Collected data entries:
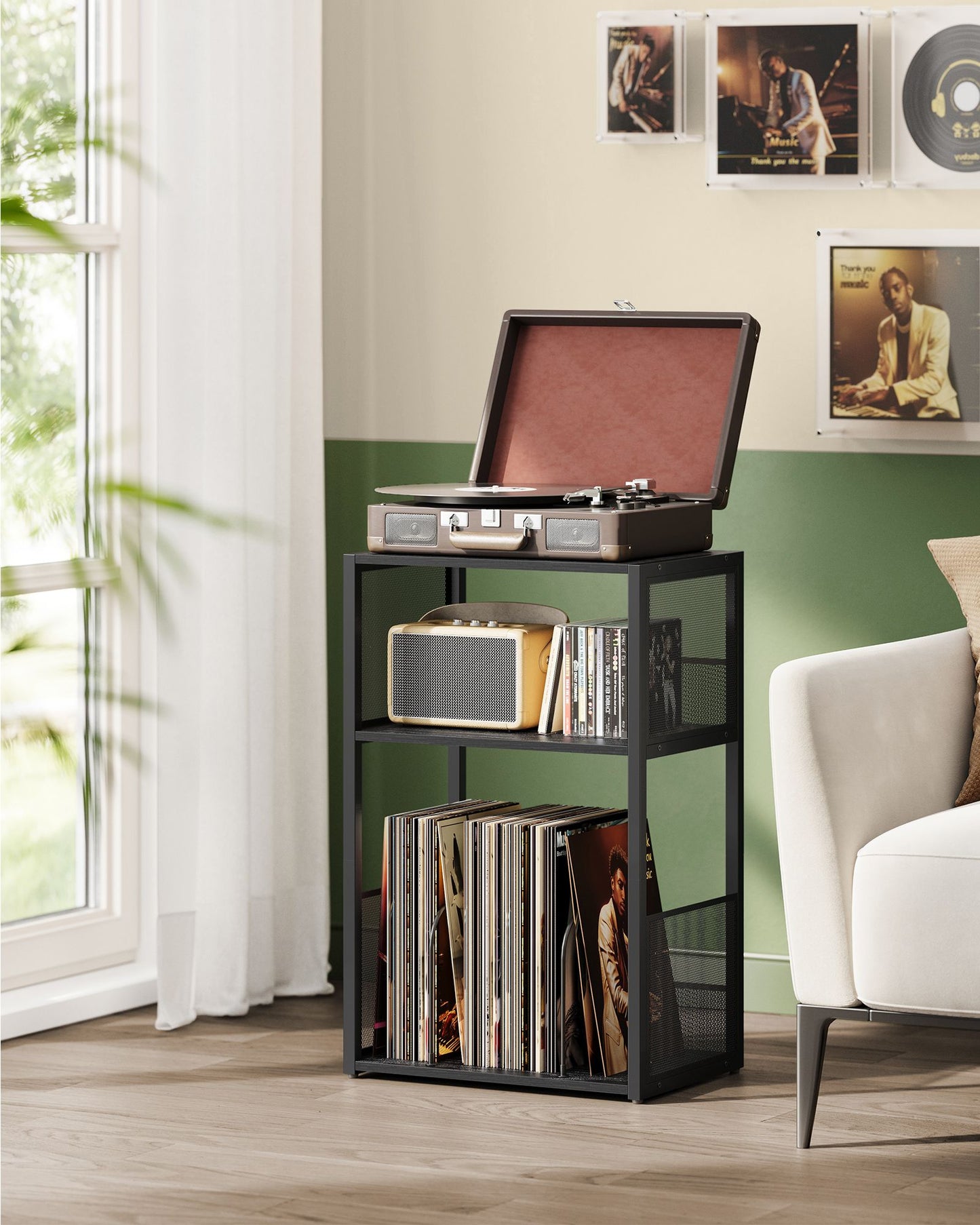 3-Tier Side Table, Vinyl Record Storage up to 100 Albums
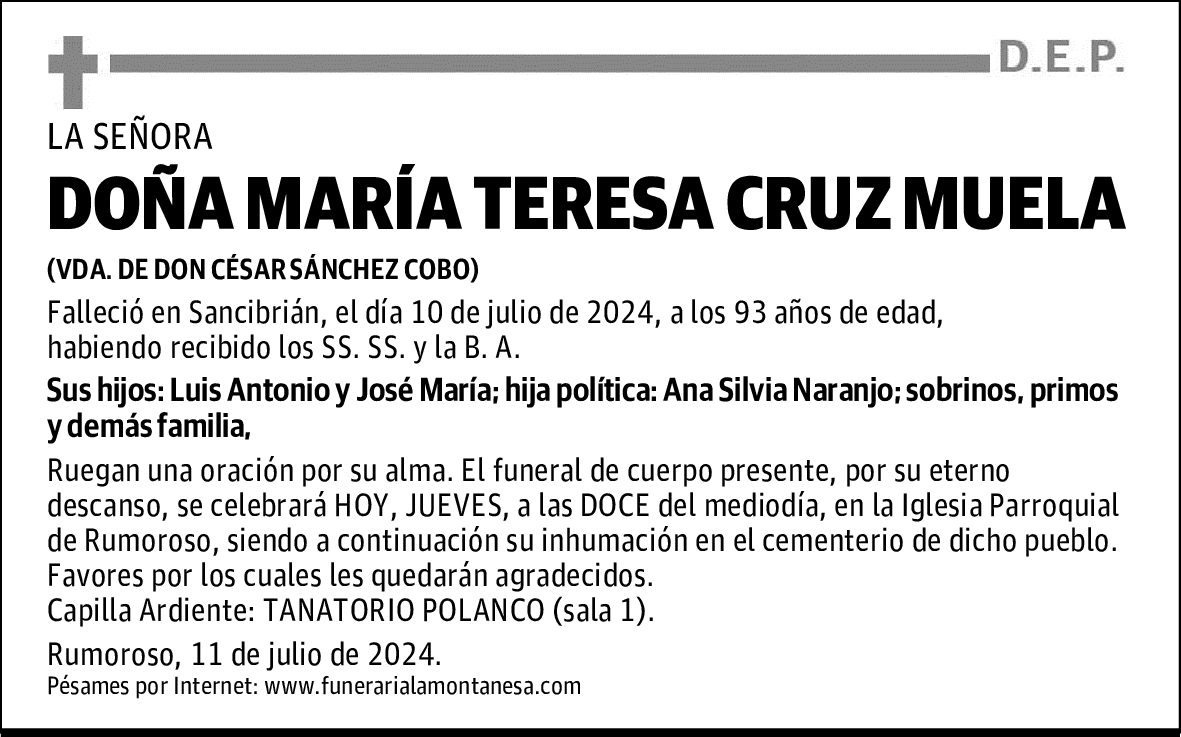DOÑA MARÍA TERESA CRUZ MUELA
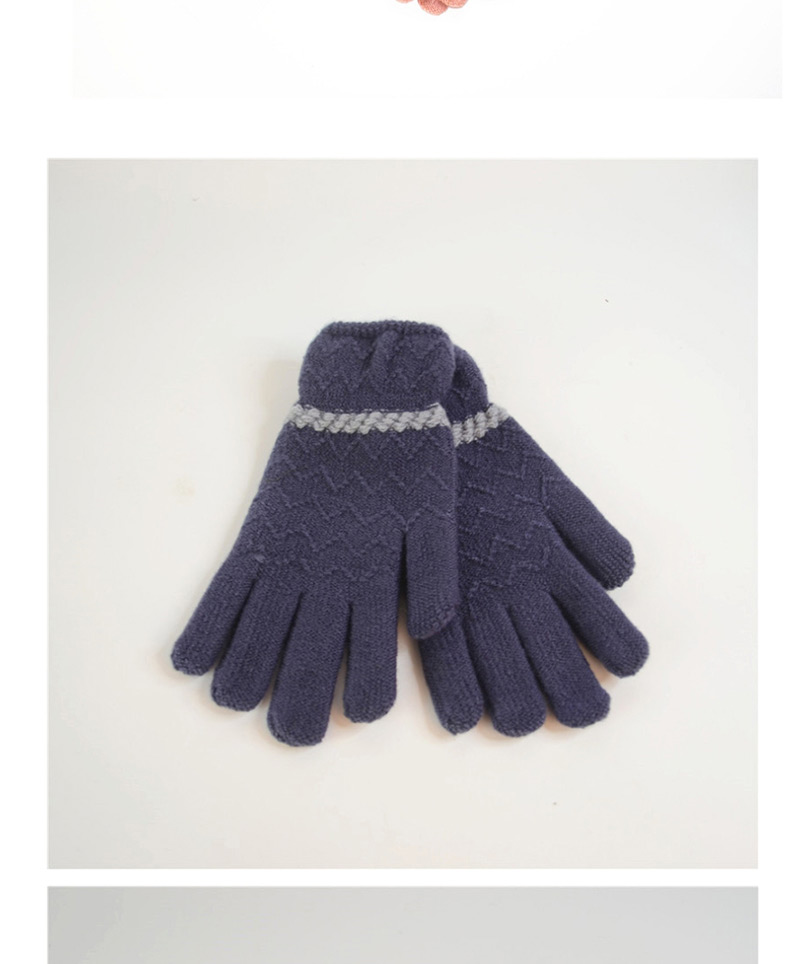 Fashion Gray-blue Pointing Lace Wave Plus Velvet Gloves,Full Finger Gloves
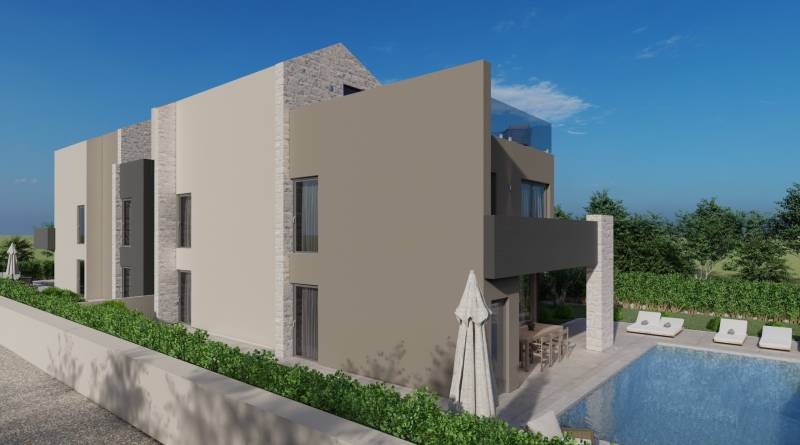 Villa in Poreč with a pool, terrace, and greenery in a landscaped garden.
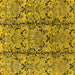 Square Machine Washable Oriental Yellow Industrial Rug, wshurb1443yw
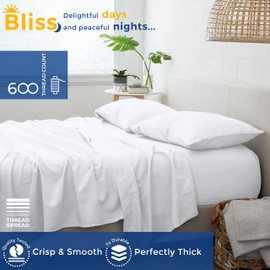 THREAD SPREAD 100% Egyptian Cotton Pillow Cases King - 600 Thread Count White King Pillow Cases Set of 2, Soft Cooling & Breathable Extra Long Staple Sateen Weave Cotton Pillowcases for King Pillows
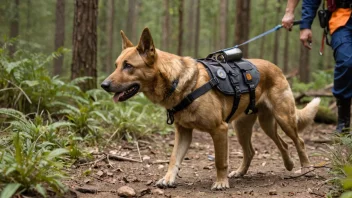 En søke- og redningshund, en tysk gjeterhund, sees i aksjon, lukter på bakken og følger et spor, med sin hundefører i bakgrunnen, i et vilt område med trær og steiner.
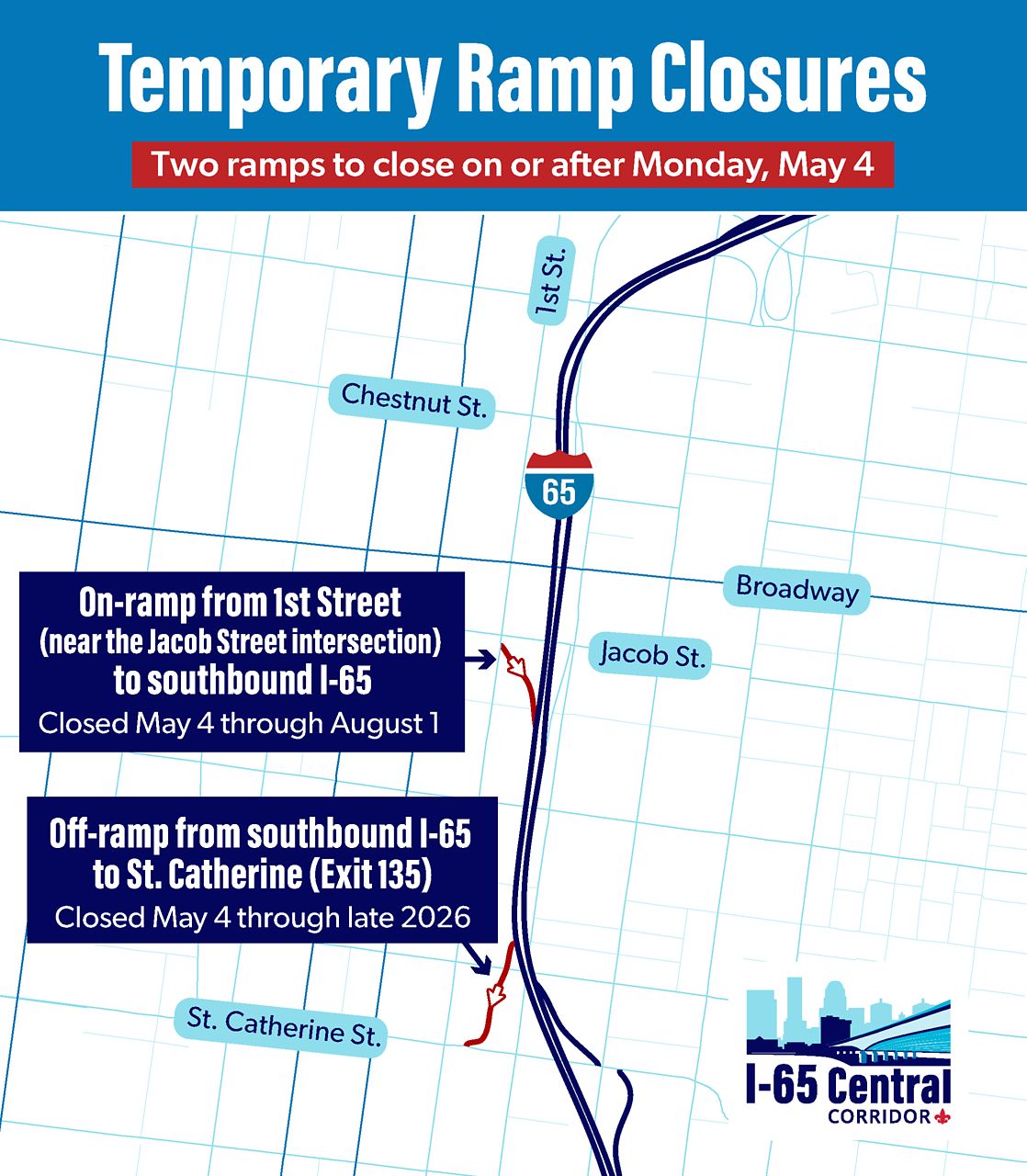 Louisville I-65 ramp and lane closures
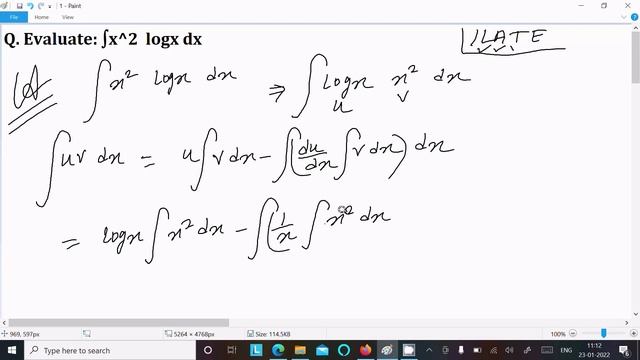 Integrate : ∫ x² logx dx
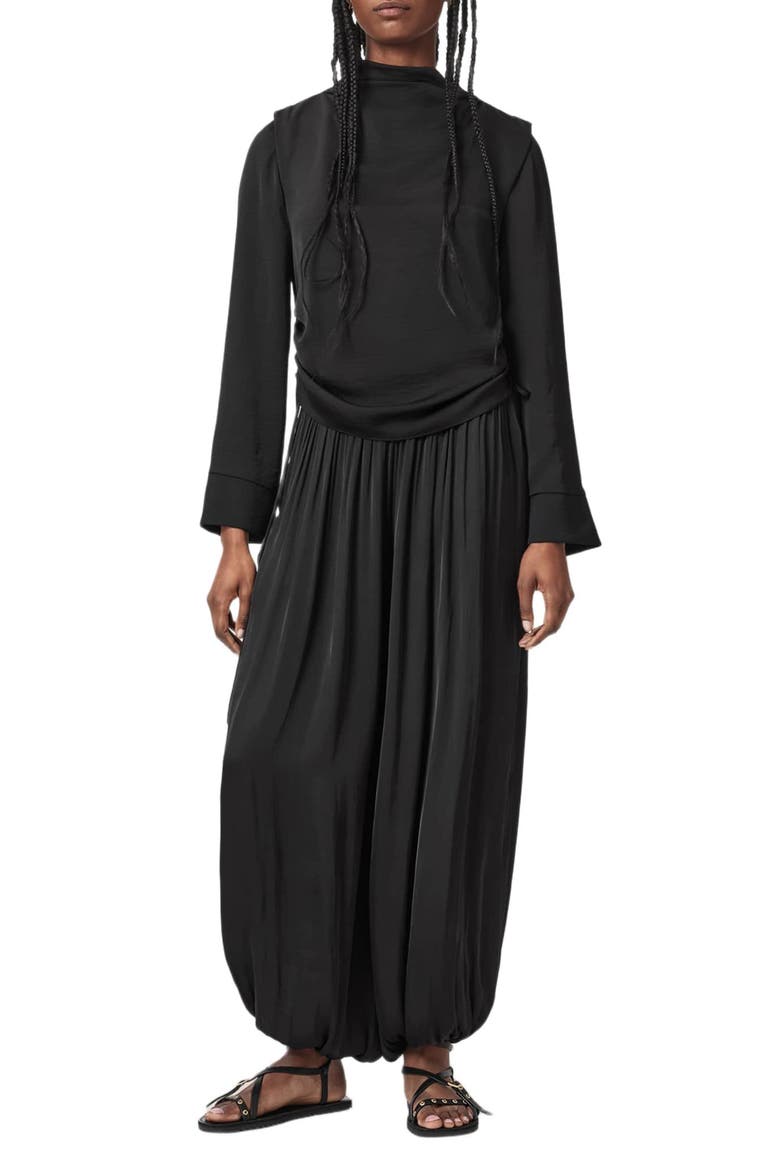 Leslie Cowl Neck Long Sleeve Top, Alternate, color, BLACK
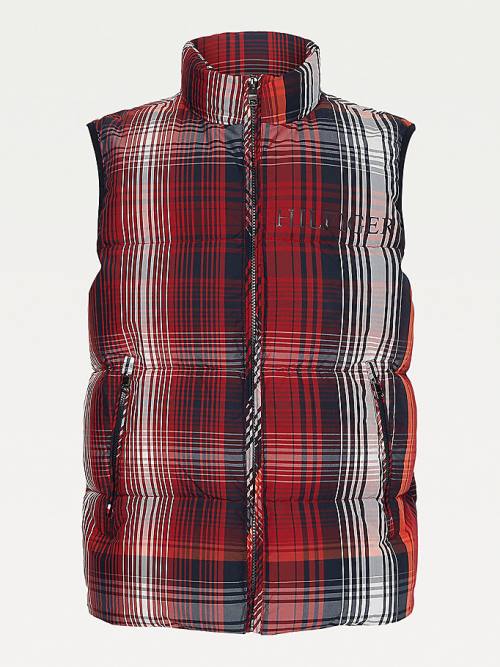 Tommy Hilfiger TH Warm High Loft Check Vest Dzseki Férfi Piros | TH423MDT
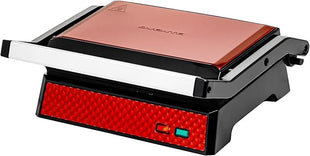 OVENTE Electric Indoor Panini Press Grill and Sandwich Maker with Non-Stick Coated Plates, Cool-Touch Handle and Removable Drip Tray, Opens 180 Degrees to Fit Any Type or Size of Food, Red GP0540R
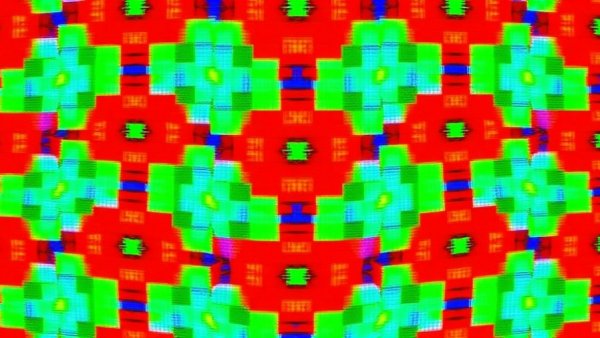 Close-up view of screen pixels creating a vibrant pattern.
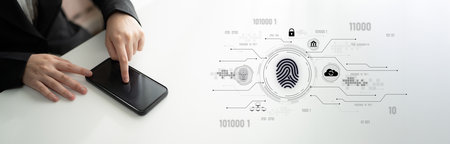 Biometric fingerprint identification and cybersecurity system ensuring secure access, identity...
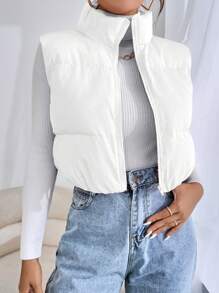 SHEIN EZwear Chaleco chaqueta corta de unicolor casual con cuello alto, para otoño/invierno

Your instructions: Leaving each picture behind, please give again exactly the lines above from the one with "Villa in Poreč" through the one with "Integrate : ∫ x² logx dx", both included, and no others.

Output of the exercise:
 Villa in Poreč with a pool, terrace, and greenery in a landscaped garden.
 Square Machine Washable Oriental Yellow Industrial Rug, wshurb1443yw
 THREAD SPREAD 100% Egyptian Cotton Pillow Cases King - 600 Thread Count White King Pillow Cases Set of 2, Soft Cooling & Breathable Extra Long Staple Sateen Weave Cotton Pillowcases for King Pillows
 En søke- og redningshund, en tysk gjeterhund, sees i aksjon, lukter på bakken og følger et spor, med sin hundefører i bakgrunnen, i et vilt område med trær og steiner.
 Louisville I-65 ramp and lane closures
 Integrate : ∫ x² logx dx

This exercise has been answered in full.